[Opening DATASET RECORDS section]
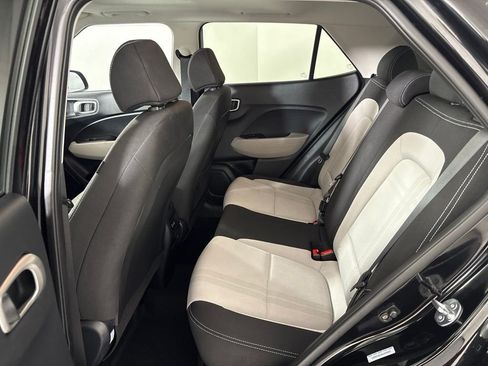 Used 2025 Hyundai Venue SEL FWD image 12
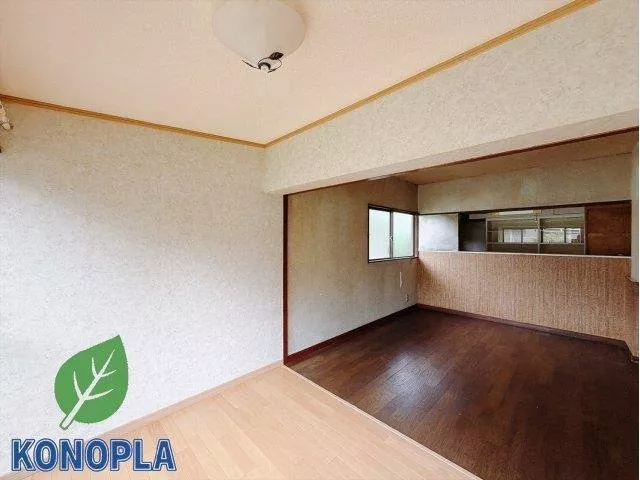 Safe and secure for the future! Popular single-story house with carport, parking for 3 or more cars, southeast corner lot.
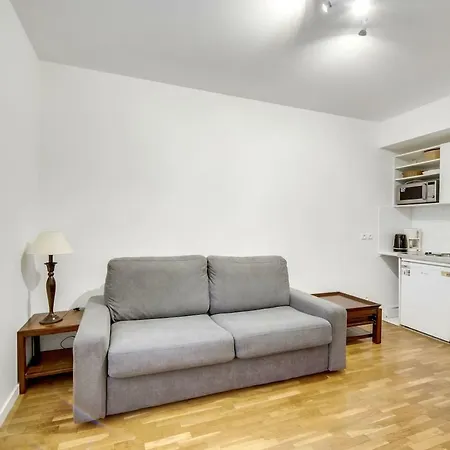 Unit 013 Champs-elysees Georges V Apartment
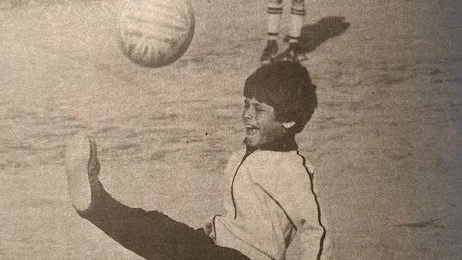 Shejkens son, Michel Alzamami, nio år, är fotbollsstjärna i Norrfjärdens D-pojkar. "En stor talang", säger ledaren Tage Lindgren, själv känd från åren i Storfors AIK.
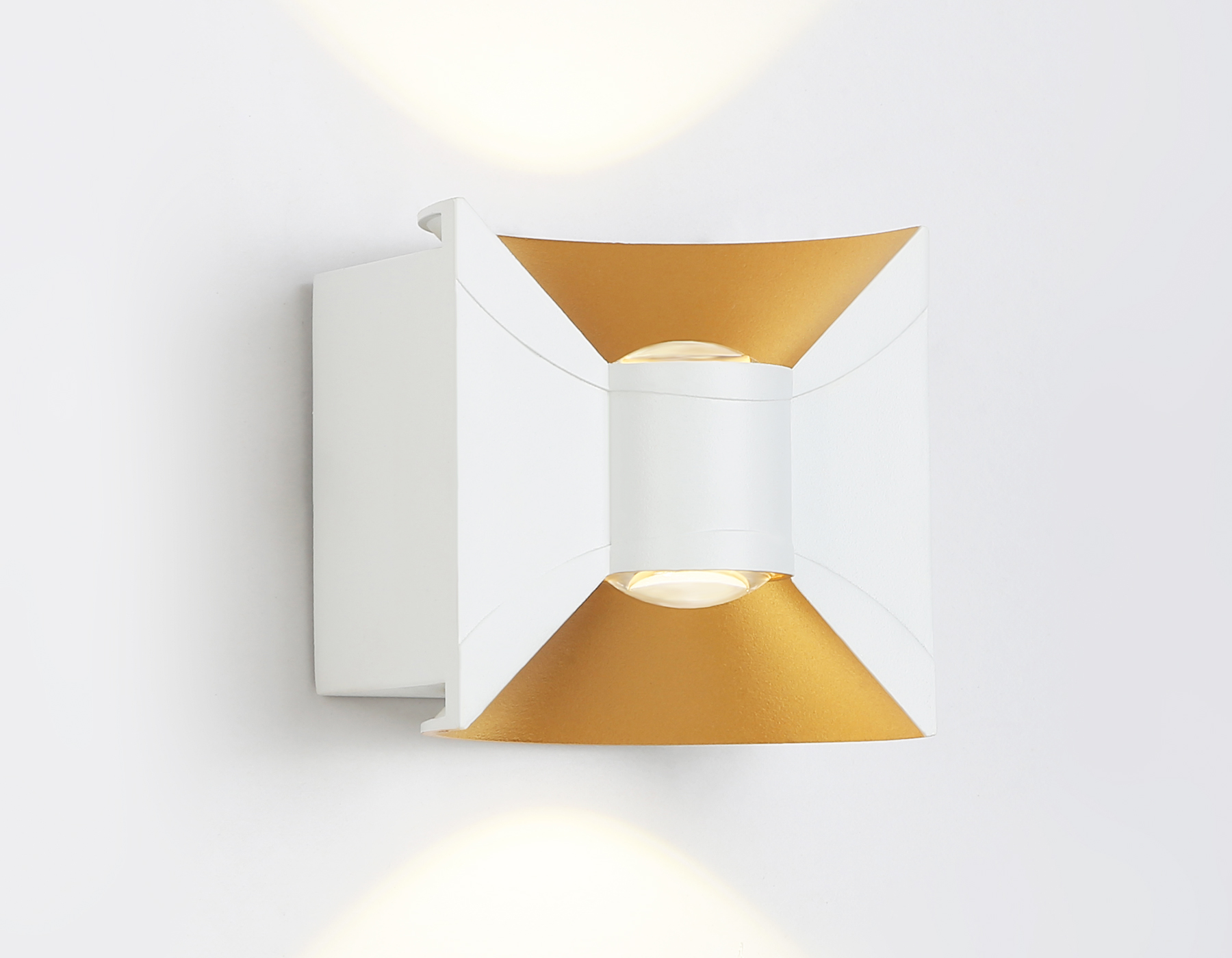 ST4471 WH/GD белый/золото LED 4200K 6W IP54 92*98*55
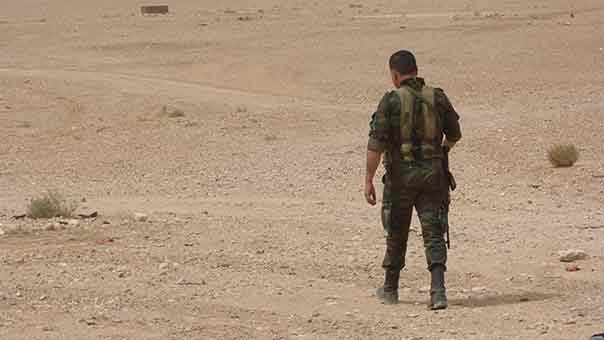 الجيش السوري وحلفاؤه على أعتاب بلدة السخنة الاستراتيجية في عمق البادية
[Closing DATASET RECORDS section]
EXERCISE PROMPT: Your copy of the data should match it exactly, apart from the images, which are omitted.

WRITTEN RESPONSE:
 Used 2025 Hyundai Venue SEL FWD image 12
 Safe and secure for the future! Popular single-story house with carport, parking for 3 or more cars, southeast corner lot.
 Unit 013 Champs-elysees Georges V Apartment
 Shejkens son, Michel Alzamami, nio år, är fotbollsstjärna i Norrfjärdens D-pojkar. "En stor talang", säger ledaren Tage Lindgren, själv känd från åren i Storfors AIK.
 ST4471 WH/GD белый/золото LED 4200K 6W IP54 92*98*55
 الجيش السوري وحلفاؤه على أعتاب بلدة السخنة الاستراتيجية في عمق البادية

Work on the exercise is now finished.